2. **Pretokenize your data** into the binary format:
   ```python
   import numpy as np
   from tokenizers import Tokenizer

   tokenizer = Tokenizer.from_file("tokenizer.json")
   tokens = []
   for doc in your_documents:
       tokens.extend(tokenizer.encode(doc).ids)
   np.array(tokens, dtype=np.uint16).tofile("train.bin")
   ```
   The uint16 format supports vocabularies up to 65536 tokens. If your
   tokenizer has a larger vocabulary (e.g., Llama 3's 128k), change the
   dtype to `np.uint32` here and in the `MemMapDataset` class in the
   training script.

3. **Place the files** in `fma/examples/minigpt/data/{dataset_name}/`
   with `train.bin`, `test.bin`, and `tokenizer.json`.

### Reconstructing Our Datasets

The scripts in `long_stackv2/` reproduce the specific datasets used in
the paper.
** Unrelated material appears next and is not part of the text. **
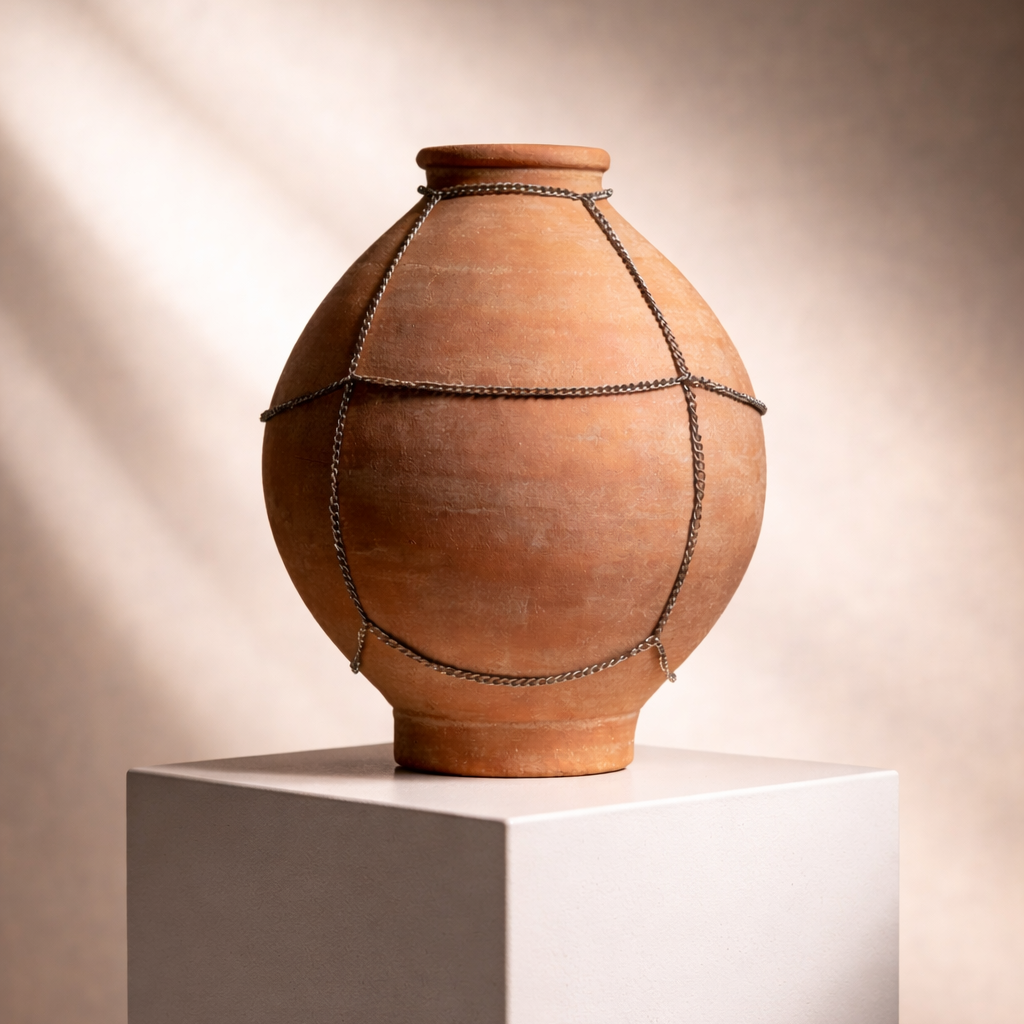 A terracotta clay vase with decorative dark cord wrapped lines, displayed on a white pedestal against a warm beige background with soft diagonal shadows.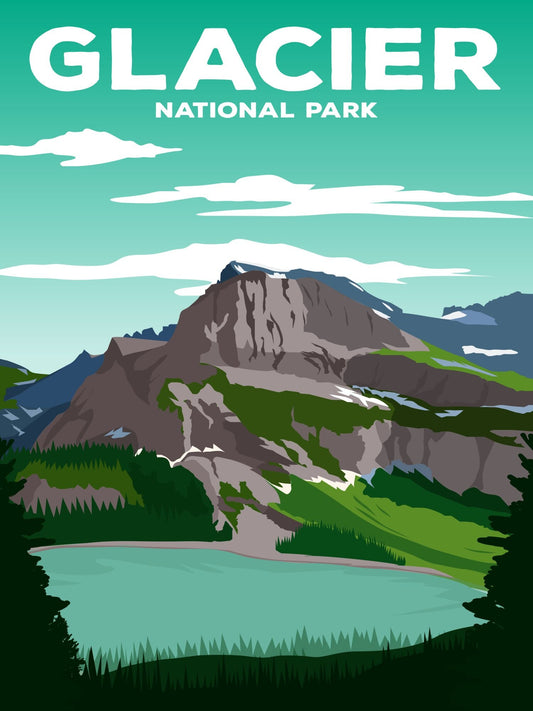 Glacier National Park Poster by ParksPosters, minimalist hand-drawn art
This is not necessary to verify the method -- any
long-context corpus in the format described above will work.

#### Code Dataset (The Stack v2)

The code training data is derived from
[The Stack v2](https://huggingface.co/datasets/bigcode/the-stack-v2-smol)
(BigCode), using long-context repository buckets (16k--256k+ tokens).
The pipeline is:

1. `make-stack-v2-smol-ids-bucketed.py` -- download and bucket
   repositories by total token count
2. `generate_blob_lists.py` -- generate lists of source files to download
3. `fetch_sample_files_s3.py` -- download source files from Software
   Heritage S3
4. `filter_english_files.py` -- filter to English-language source files
5. `construct_repo_sequences.py` -- assemble repository-level sequences
   with StarCoder formatting
6. `train_tokenizer.py` -- train a 32k BPE tokenizer
7. `prepare_pretokenized_dataset.py` -- tokenize and write to binary
   format (`bucket_XX_train.bin` as uint16)

The per-bucket binary files should then be concatenated into a single
`train.bin` and placed in `data/longstackv2_buckets_5678/`.

#### Science Dataset

The science/PDF training data preparation scripts are in
`long_stackv2/longmino_pdfs/`. The pipeline downloads and parses
scientific PDFs, then pretokenizes them with
`longmino_pdfs/pretokenize_dataset.py` into the same binary format.